4 is a cross-sectional view taken along the line BB of FIG.

FIG. 5 is a side sectional view of a speed reducer according to a third embodiment.

6 is a sectional view taken along the line CC of FIG.

FIG. 7 is a side sectional view of a speed reducer according to a fourth embodiment.

8 is a sectional view taken along the line DD of FIG.

FIG. 9 is a side sectional view of a speed reducer according to a fifth embodiment.

10 is a cross-sectional view taken along the line EE of FIG.

FIG. 11 is a side sectional view of a speed reducer according to a sixth embodiment.

12 is a cross-sectional view taken along the line FF of FIG.

FIG. 13 is a side sectional view of a speed reducer according to a seventh embodiment.

14 is a cross-sectional view taken along the line GG of FIG.

FIG. 15 is a side sectional view of a conventional speed reducer.

[Explanation of symbols]

 1 Reduction Gear 2 Input Shaft (Input Rotating Body) 3 Output Rotating Body 5 Eccentric Rotating Plate 6 First Cycloid Groove 7 Ball 8 Fixing Member 9 Second Cycloid Groove 10 Eccentric Absorption Mechanism

Claims (1)

Claims: 1. An eccentric rotating plate having first cycloid grooves of the same shape on both sides, (b) an input rotating body for eccentrically driving the eccentric rotating plate, and (c) the eccentric.
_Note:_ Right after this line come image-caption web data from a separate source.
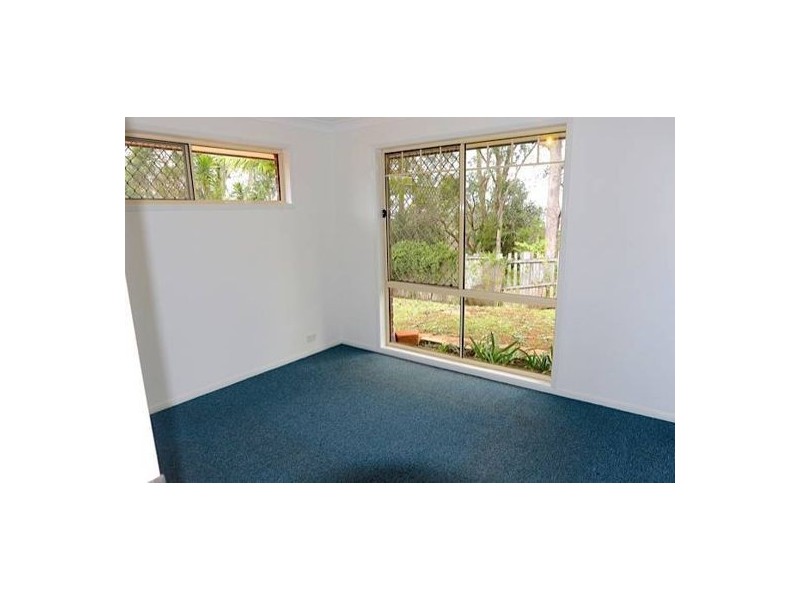 15 Pulmeria Crt, Goonellabah NSW 2480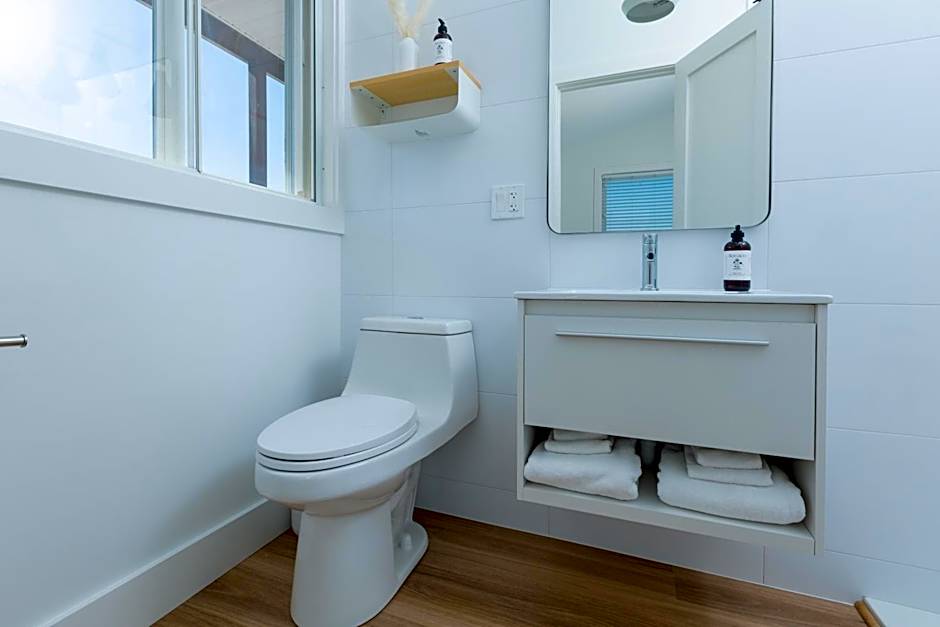 DUNE Fairfield Beach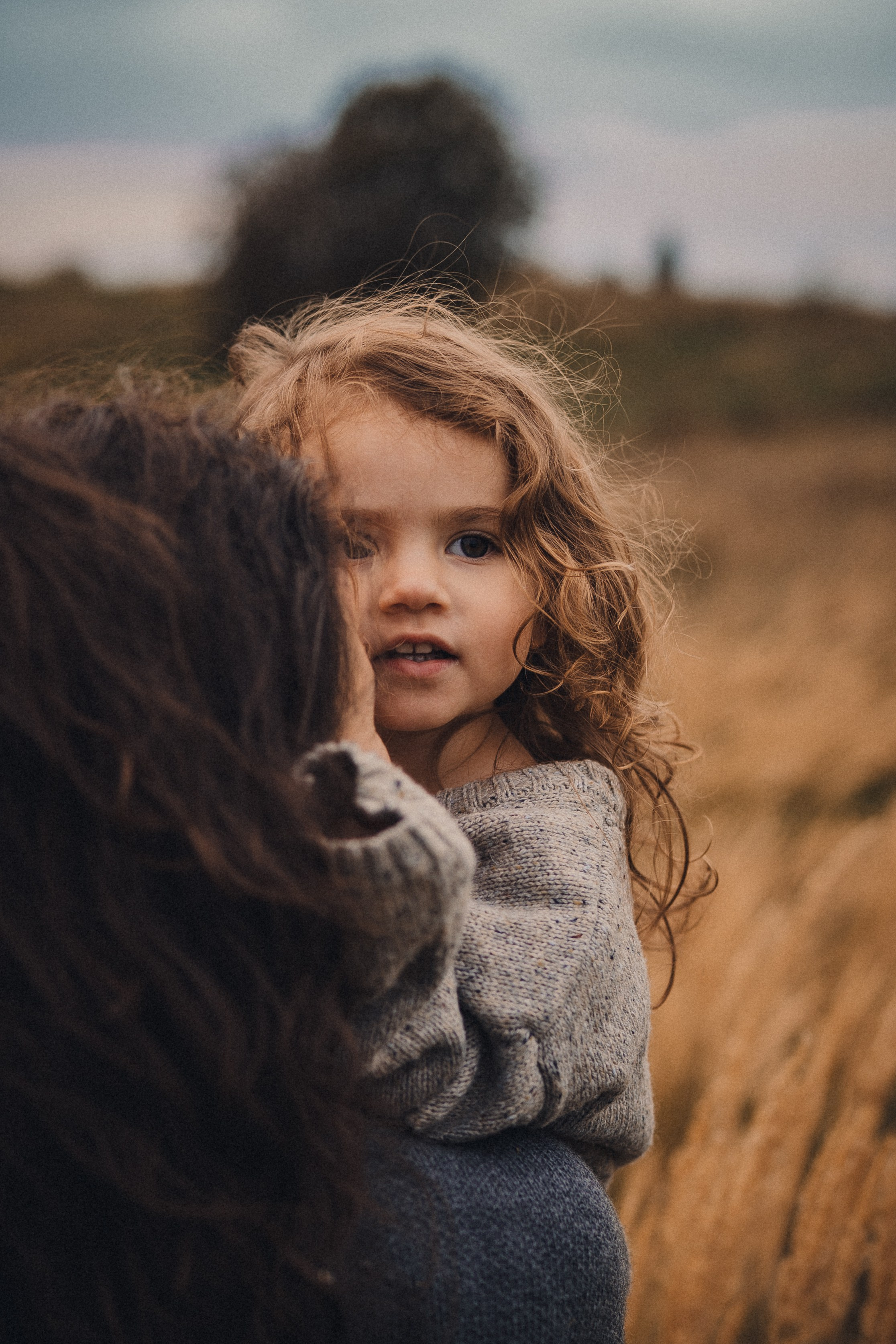 Мария Старостина фотограф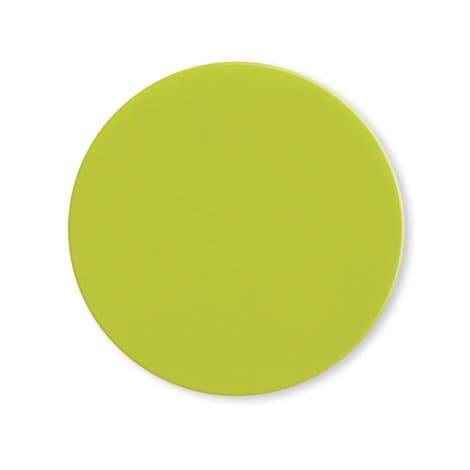 Bright Green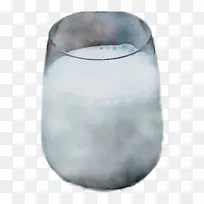 产品设计玻璃牢不可破-空若网 产品设计玻璃牢不可破-空若网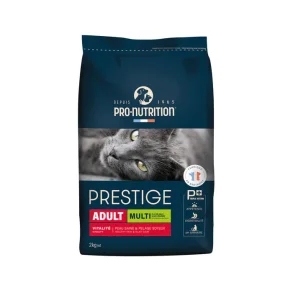 Prestige Kat, Multi, 2 kg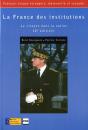 France Des Institutions - Preview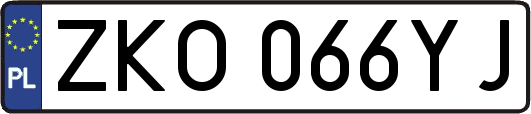 ZKO066YJ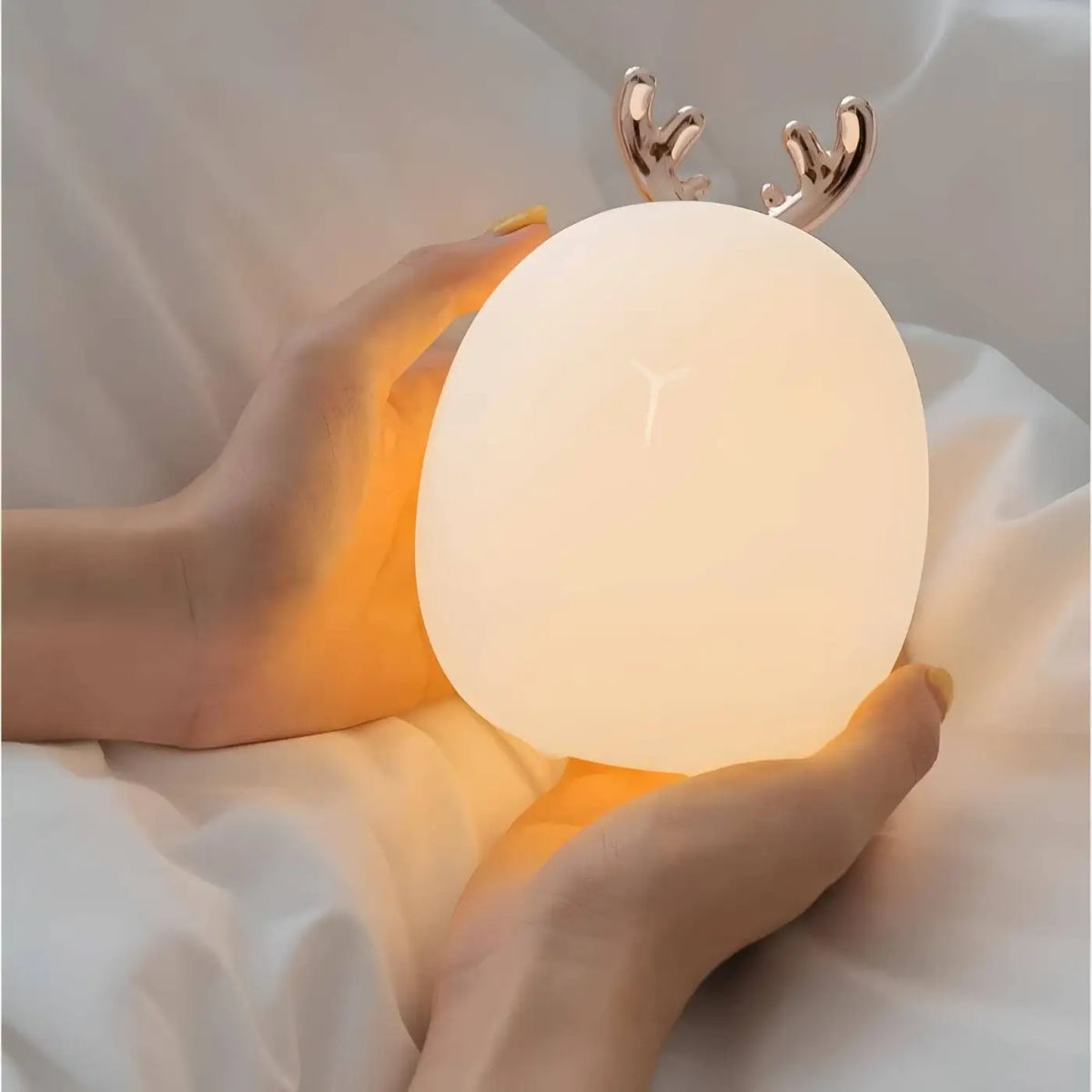 Luminaire Lexi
A plurality of balls arranged in each of the first cycloid grooves on both sides of the rotary plate, and (d) a second cycloid groove in which the eccentric rotary plate is sandwiched from both sides by these balls and the balls are arranged. And a (e) an output rotary body to which the rotational power of the eccentric rotary plate is transmitted via an eccentric absorption mechanism that absorbs the eccentricity of the eccentric rotary plate.